The Squad — AOC, Ilhan Omar (MN-5), Rashida Tlaib (MI-12), and Ayanna Pressley (MA-7), joined by Cori Bush (MO-1), Jamaal Bowman, and others — operates as a loose political entity whose members share progressive positions and occasional coordinated strategy, but who also represent distinct constituencies with sometimes different priorities. The Squad has expanded each cycle through endorsements and allied candidacies. Their influence is greatest in Democratic primaries, where their backing can move challenger candidates to upset incumbents.
The DCCC Strategy Tension
| Dimension | DCCC Approach | CPC Approach |
|---|---|---|
| Swing district candidates | Recruit proven moderates, veterans, former officials | Progressive candidates with enthusiasm and small-dollar $ |
| Messaging | Focus on pocketbook economics, healthcare costs | Bold structural change, democracy, climate |
| Crime/Public safety | Avoid "defund police" framing at all costs | Criminal justice reform is core, but "defund" mostly dropped |
| Gaza/Foreign policy | Avoid for swing-district candidates | Ceasefire advocacy, limits on Israel aid |
| Primary involvement | Stay neutral or back incumbents | Fund progressive challengers to moderate incumbents |
Analysis: CPC in a Potential 2027 Majority
Veto Leverage
With 100 members in a 218-seat majority, the CPC controls the margin. Any legislation requiring all or most Democrats needs CPC support.
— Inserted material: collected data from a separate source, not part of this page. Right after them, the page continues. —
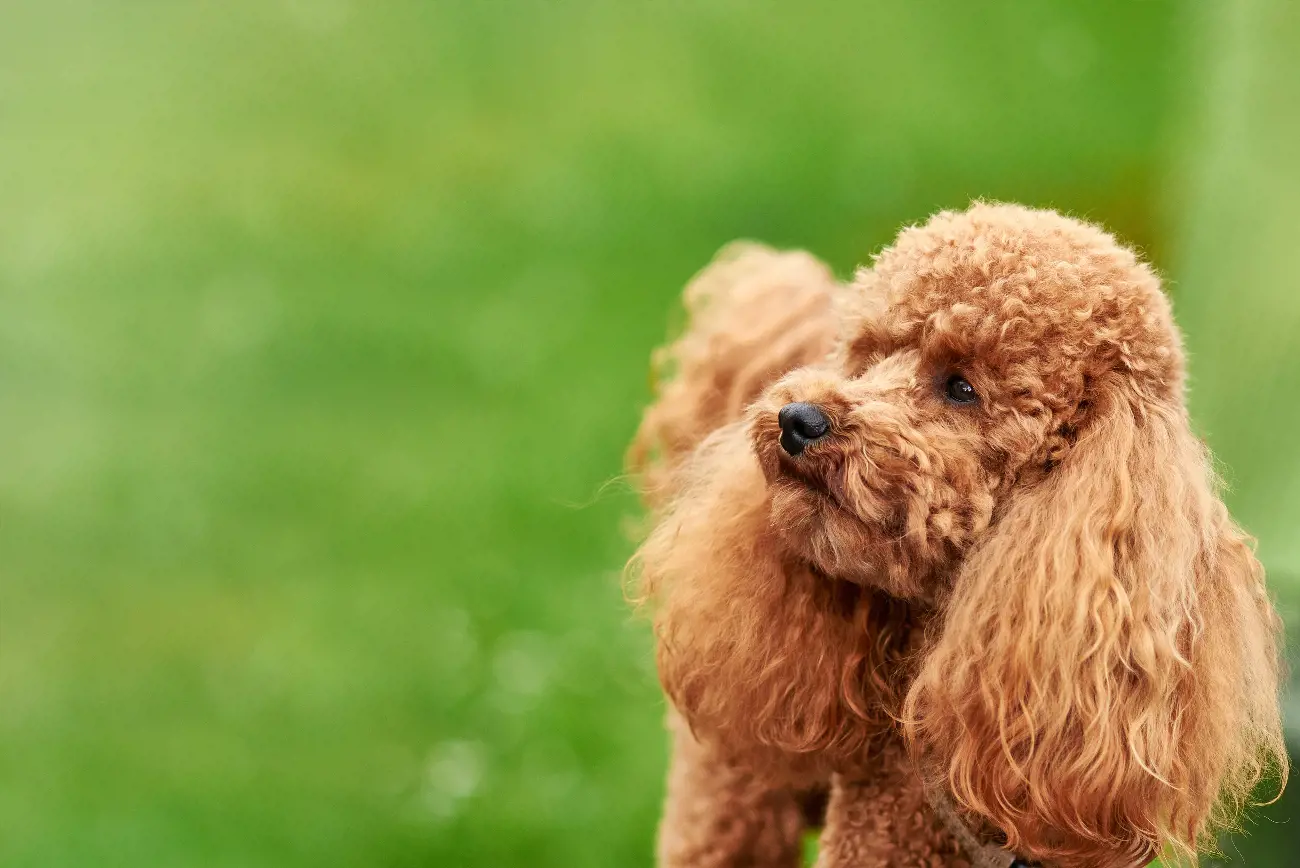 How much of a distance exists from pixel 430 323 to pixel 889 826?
2248 mm

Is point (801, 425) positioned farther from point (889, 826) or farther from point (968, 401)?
point (889, 826)

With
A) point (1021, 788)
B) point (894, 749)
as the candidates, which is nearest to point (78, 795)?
point (894, 749)

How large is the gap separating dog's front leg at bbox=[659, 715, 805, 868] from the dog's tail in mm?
401

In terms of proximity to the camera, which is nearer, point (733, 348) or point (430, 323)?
point (733, 348)

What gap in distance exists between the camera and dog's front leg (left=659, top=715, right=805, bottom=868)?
1.70 metres

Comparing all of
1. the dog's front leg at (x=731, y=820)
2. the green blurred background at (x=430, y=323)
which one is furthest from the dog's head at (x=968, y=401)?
the green blurred background at (x=430, y=323)

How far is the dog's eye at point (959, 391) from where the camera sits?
127cm

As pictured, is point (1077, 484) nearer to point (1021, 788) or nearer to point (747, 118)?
point (1021, 788)

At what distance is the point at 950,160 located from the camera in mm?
3732

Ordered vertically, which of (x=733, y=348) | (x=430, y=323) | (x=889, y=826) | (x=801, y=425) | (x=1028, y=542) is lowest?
(x=889, y=826)

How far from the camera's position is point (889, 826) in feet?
4.87

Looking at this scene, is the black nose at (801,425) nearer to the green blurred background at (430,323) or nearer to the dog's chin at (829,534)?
the dog's chin at (829,534)

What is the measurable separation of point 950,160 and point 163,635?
251 cm

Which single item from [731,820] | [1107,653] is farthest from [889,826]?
[1107,653] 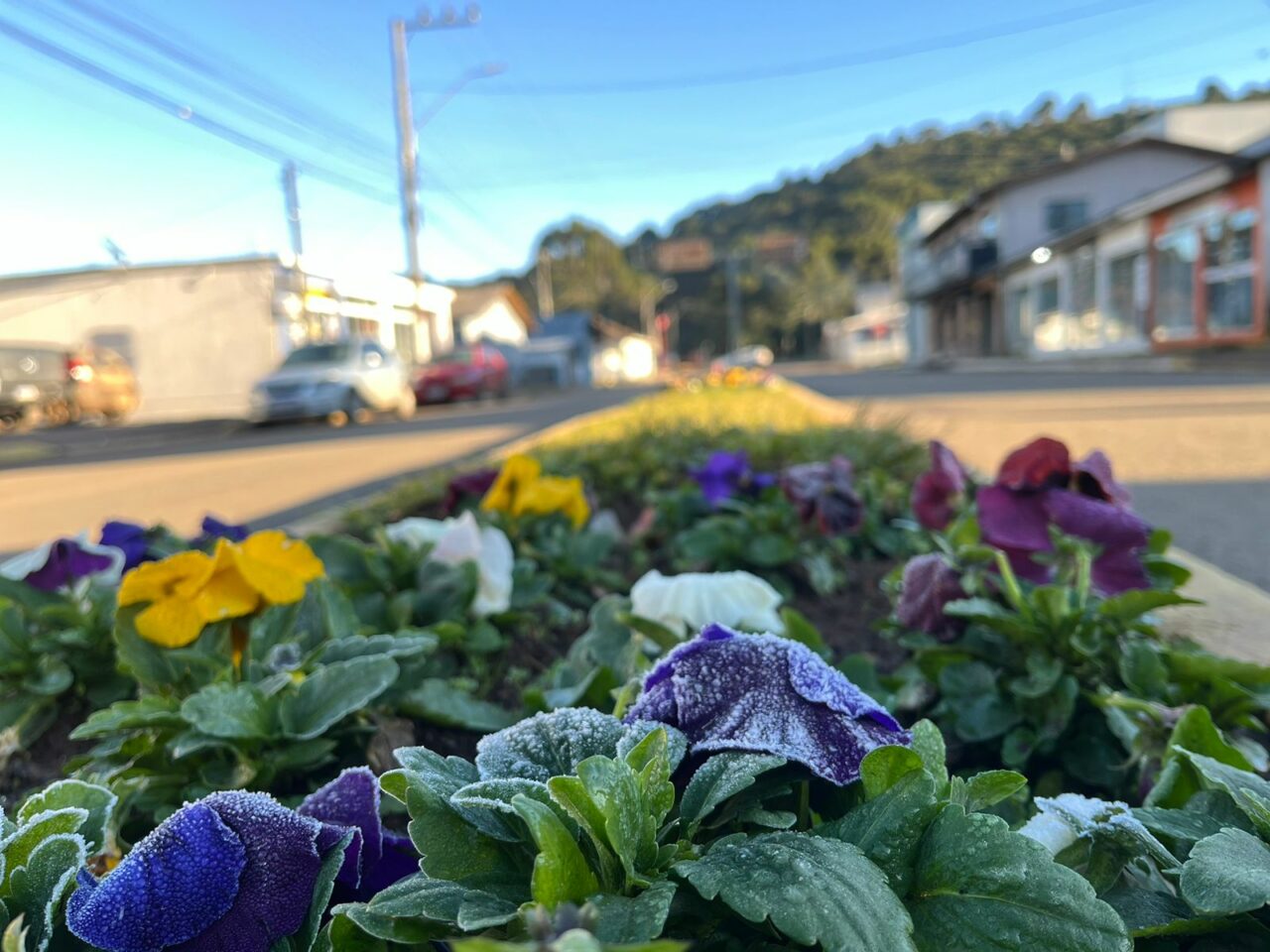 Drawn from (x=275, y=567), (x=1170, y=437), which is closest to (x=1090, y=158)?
(x=1170, y=437)

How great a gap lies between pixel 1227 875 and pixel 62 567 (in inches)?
66.4

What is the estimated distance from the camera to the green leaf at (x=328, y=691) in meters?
1.08

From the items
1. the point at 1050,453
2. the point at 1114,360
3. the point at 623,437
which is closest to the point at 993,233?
the point at 1114,360

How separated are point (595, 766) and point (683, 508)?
6.54 feet

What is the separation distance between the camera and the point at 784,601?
2.06m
This gives progressive leadership effective veto power over a Democratic Speaker's agenda — a dynamic that will immediately resurface if Democrats win.
Gaza Complication
The Israel-Gaza conflict has created a genuine fracture in Democratic politics. Several CPC members have called for arms embargoes and voted against Israel aid. This creates tension with Jewish Democratic donors and general election swing voters, and it complicates CPC-DCCC relations heading into 2026.
Anti-Trump Mobilization
The CPC's most valuable 2026 asset may be its mobilization capacity. Progressive grassroots organizations — the Sunrise Movement, Working Families Party, Justice Democrats — have significant ground game operations in key districts that can drive turnout in Democratic primaries and general elections.